A Great Future for Yoga and Those Who Practice It

We should be excited about this phase in yoga’s history.  It doesn’t particularly matters that a lot of yoga teachers don’t quite get what yoga is about, or that many people’s first experience of yoga is as another form of “exercise”.  This development in yoga’s history is exactly what has allowed for its huge growth in popularity in the West.

Here is what is true today.  It’s inevitable that many will want to discover more within their practice… this is what is so beautiful, amazing, and wonderful about the long tradition of yoga.  It is romantic to think there is some ultimate method, but in actuality, the tradition constantly evolves and grows. 
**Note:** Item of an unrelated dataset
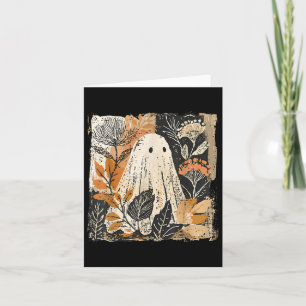 Boho Floral Funny Halloween Fall Ghost Girly Autum Card
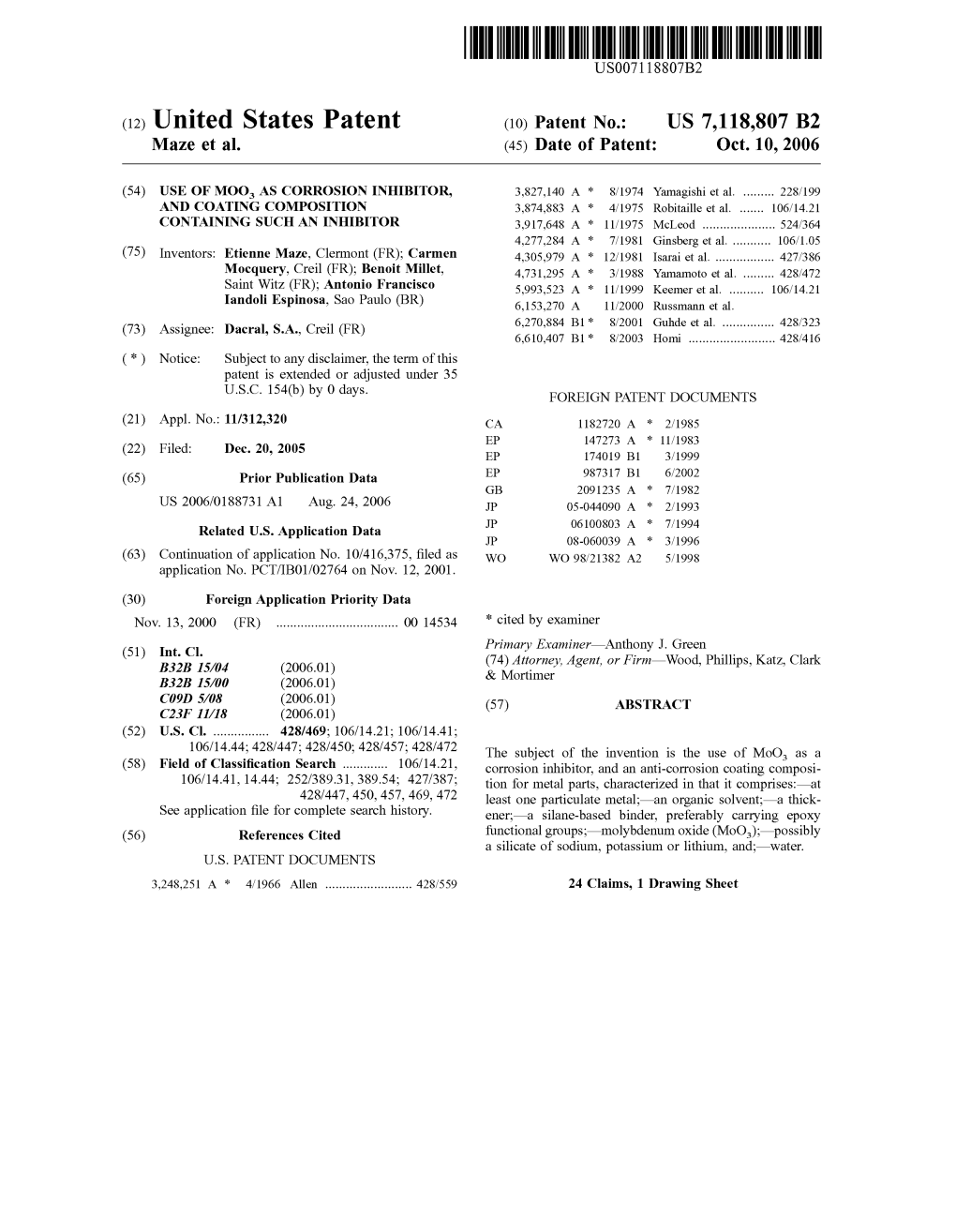 (12) United States Patent (10) Patent No.: US 7,118,807 B2 Maze Et Al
Now, with the internet, the doorway to yoga’s true purpose is accessible to the world – both the teachers who teach yoga as “exercise” are there, as well as the deeply enlightened teachers who can foster the ultimate understanding of the power of yoga.  When people go deeper they can find all of the amazing realms that yoga has to offer, finding that the physical practice is only a tiny part of the yoga universe.  All of this right there on the web, accessible to anyone who wants to find it.

Creating Your Own Yoga

In my yoga classes, I don’t follow a map or a method, I encourage my students to create their own map.  But I do try to make yoga accessible to all, so everyone from the first timers to the lifelong yogis can get a meaningful practice.  And it is amazing for both me and them when everyone seems to get what they need.  I often find myself saying in class “It’s not about the pose!”  The newbies think it’s funny.  A few of the others know exactly what I am talking about.

Ultimately, with whatever type of yoga works for you – your yoga is important, not for what it has you say or do, but for what it makes you think.

And I can tell you one thing that is for certain about all forms of yoga, it’s not about the pose.